The DOM spec defines the following CSS selector functions:

namespace Dom {
  interface ParentNode {
    public function querySelector(string $selectors): ?Element {}
    public function querySelectorAll(string $selectors): NodeList {}
  }
 
  class Element extends Node implements ParentNode {
    public function closest(string $selectors): ?Element {}
    public function matches(string $selectors): bool {}
  }
}

This is what the methods do:

querySelector: Returns the first descendant element that matches the CSS selectors
querySelectorAll: Returns a NodeList containing all descendant elements that match the CSS selectors
closest: Finds the closest ancestor of the element that matches the CSS selectors
matches: Returns true if the element matches the CSS selectors, false otherwise

It's worth noting that CSS selectors can contain pseudo-classes that only make sense when something is rendered on screen.
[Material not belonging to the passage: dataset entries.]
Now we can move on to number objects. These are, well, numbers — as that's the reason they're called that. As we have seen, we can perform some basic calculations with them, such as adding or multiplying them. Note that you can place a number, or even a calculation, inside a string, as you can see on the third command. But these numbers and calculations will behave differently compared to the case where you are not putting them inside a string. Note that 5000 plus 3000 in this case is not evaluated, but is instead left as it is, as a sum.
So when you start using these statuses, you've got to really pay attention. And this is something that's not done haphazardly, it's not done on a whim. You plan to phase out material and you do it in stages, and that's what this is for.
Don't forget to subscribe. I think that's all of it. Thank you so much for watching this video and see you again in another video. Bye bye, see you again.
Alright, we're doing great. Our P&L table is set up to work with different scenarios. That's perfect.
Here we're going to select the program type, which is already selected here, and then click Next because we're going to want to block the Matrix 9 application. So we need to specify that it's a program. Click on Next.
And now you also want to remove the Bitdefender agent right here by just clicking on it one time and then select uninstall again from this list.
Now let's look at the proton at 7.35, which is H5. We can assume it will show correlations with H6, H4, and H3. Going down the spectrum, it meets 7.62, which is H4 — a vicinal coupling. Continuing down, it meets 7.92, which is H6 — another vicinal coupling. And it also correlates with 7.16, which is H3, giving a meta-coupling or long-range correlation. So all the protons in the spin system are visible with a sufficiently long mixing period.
Like for example :hover, which matches when a user hovers over an element. Because in the context of PHP this is nonsensical, a CSS selector that uses such a pseudo-class will match nothing.
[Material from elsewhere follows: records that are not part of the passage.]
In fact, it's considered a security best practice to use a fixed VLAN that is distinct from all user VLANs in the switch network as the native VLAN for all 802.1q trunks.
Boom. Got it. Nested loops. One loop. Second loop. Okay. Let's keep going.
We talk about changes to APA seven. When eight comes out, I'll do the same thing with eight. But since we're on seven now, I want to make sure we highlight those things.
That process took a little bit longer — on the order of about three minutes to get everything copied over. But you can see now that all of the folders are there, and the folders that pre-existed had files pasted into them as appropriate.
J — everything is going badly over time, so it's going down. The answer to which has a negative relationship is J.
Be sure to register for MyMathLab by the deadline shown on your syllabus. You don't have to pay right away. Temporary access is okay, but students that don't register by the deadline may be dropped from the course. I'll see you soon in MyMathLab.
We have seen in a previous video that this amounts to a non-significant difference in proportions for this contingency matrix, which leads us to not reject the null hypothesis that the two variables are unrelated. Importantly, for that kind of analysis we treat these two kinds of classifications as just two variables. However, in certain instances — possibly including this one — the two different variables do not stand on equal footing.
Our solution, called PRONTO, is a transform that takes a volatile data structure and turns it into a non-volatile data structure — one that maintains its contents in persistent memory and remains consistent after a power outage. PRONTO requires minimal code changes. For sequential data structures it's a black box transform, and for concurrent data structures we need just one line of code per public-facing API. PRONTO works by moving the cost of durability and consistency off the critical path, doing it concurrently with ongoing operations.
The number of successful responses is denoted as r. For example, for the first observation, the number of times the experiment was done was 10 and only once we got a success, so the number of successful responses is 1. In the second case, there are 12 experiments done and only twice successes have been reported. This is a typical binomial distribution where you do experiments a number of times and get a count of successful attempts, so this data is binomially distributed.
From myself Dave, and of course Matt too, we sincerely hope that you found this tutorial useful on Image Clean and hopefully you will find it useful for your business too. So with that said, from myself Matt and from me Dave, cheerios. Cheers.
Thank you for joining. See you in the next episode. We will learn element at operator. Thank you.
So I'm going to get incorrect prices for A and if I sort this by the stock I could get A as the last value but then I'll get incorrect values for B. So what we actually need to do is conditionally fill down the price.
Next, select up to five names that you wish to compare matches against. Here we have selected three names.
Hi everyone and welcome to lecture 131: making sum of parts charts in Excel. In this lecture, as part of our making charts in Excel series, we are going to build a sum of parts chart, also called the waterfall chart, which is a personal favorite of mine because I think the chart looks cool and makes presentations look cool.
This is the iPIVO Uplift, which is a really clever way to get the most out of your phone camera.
While it's possible to implement closest and matches using XPath, it cannot be done performance-efficiently (as far as I know).

The underlying library we use for the HTML5 parsing also contains the CSS functionality necessary to implement these methods. Therefore, we can get the functionality relatively easily. I only had to adapt the node data structures to match PHP's data structures.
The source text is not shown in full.